**GIVEN DATA**
^^^^^^^^^^^^^^^^

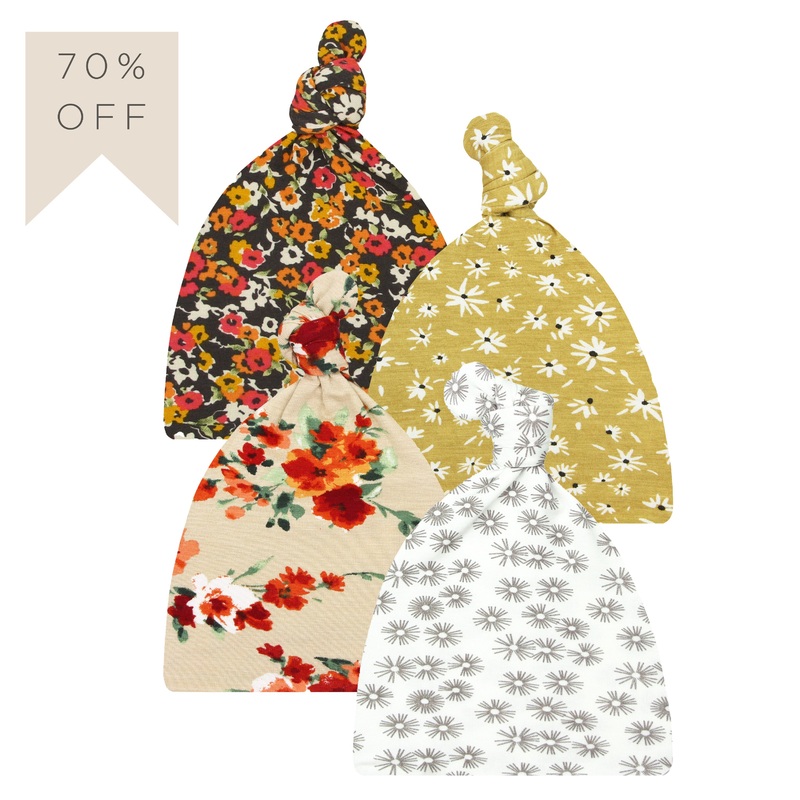 Top Knot Hat 4 Pack – Harriet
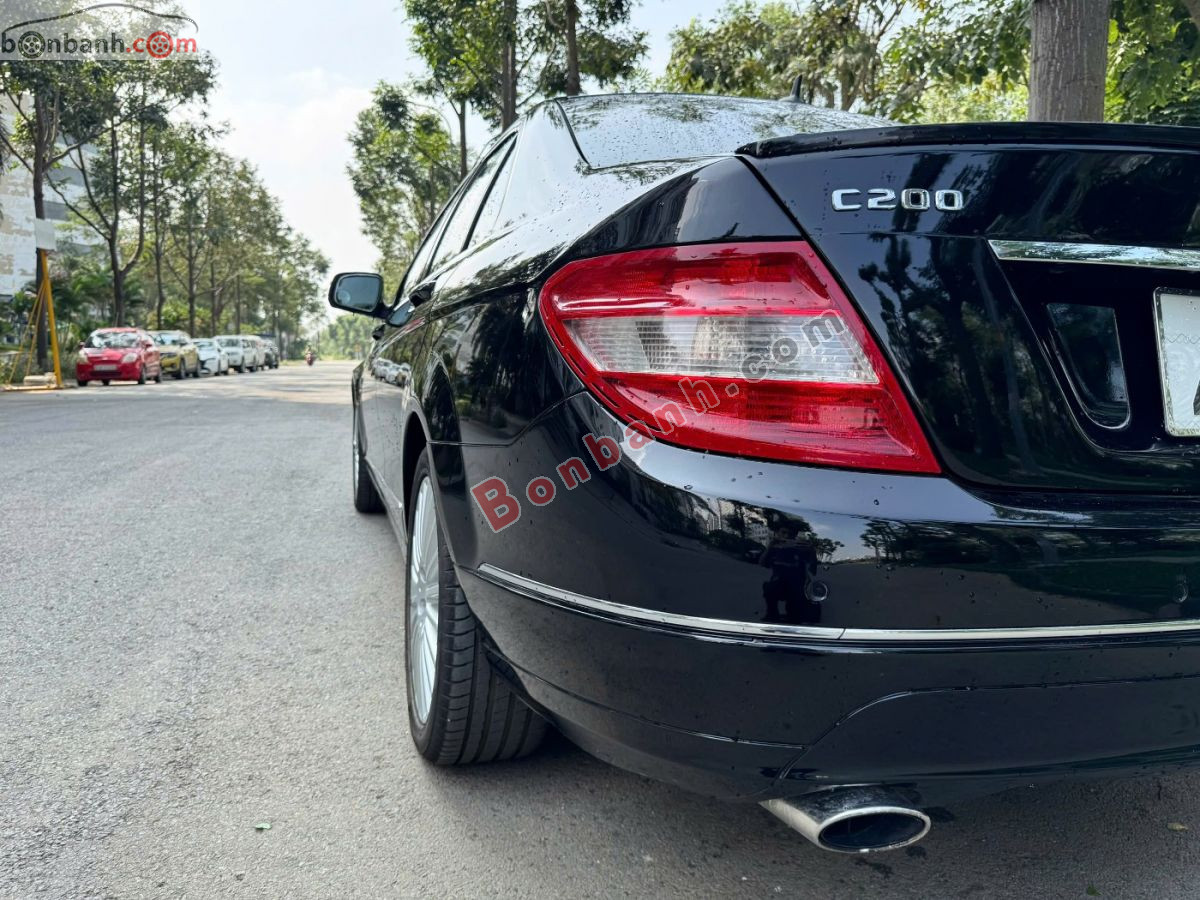 Bán ô tô Mercedes Benz C class C200 Elegance - 2008 - xe cũ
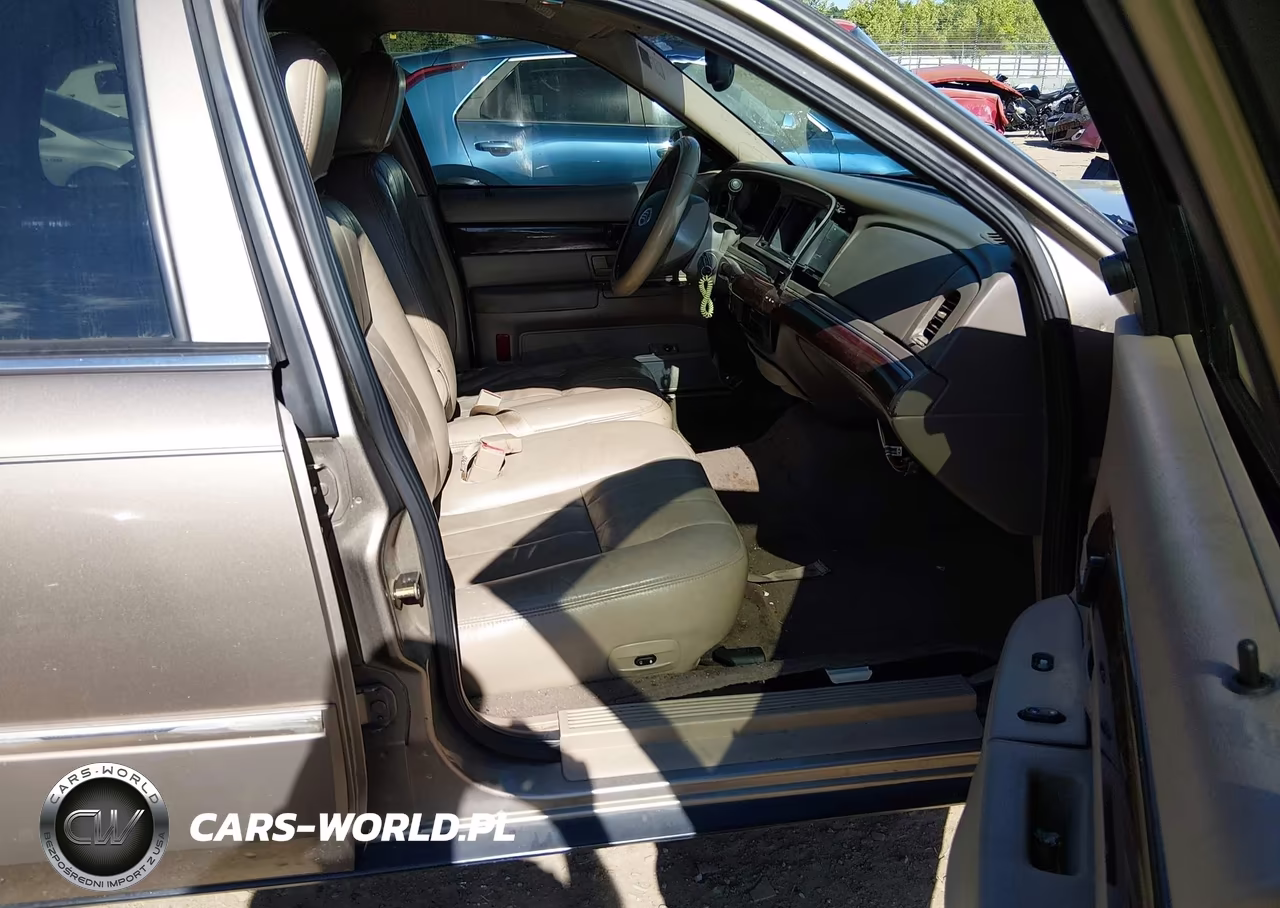 2003 Mercury Grand Marquis Ls VIN:2MEFM75W03X675498 - 5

^^^^^^^^^^^^^^^^

**EXERCISE GOAL**
Write out every line above exactly, minus images.

**EXERCISE OUTPUT**
 Top Knot Hat 4 Pack – Harriet
 Bán ô tô Mercedes Benz C class C200 Elegance - 2008 - xe cũ
 2003 Mercury Grand Marquis Ls VIN:2MEFM75W03X675498 - 5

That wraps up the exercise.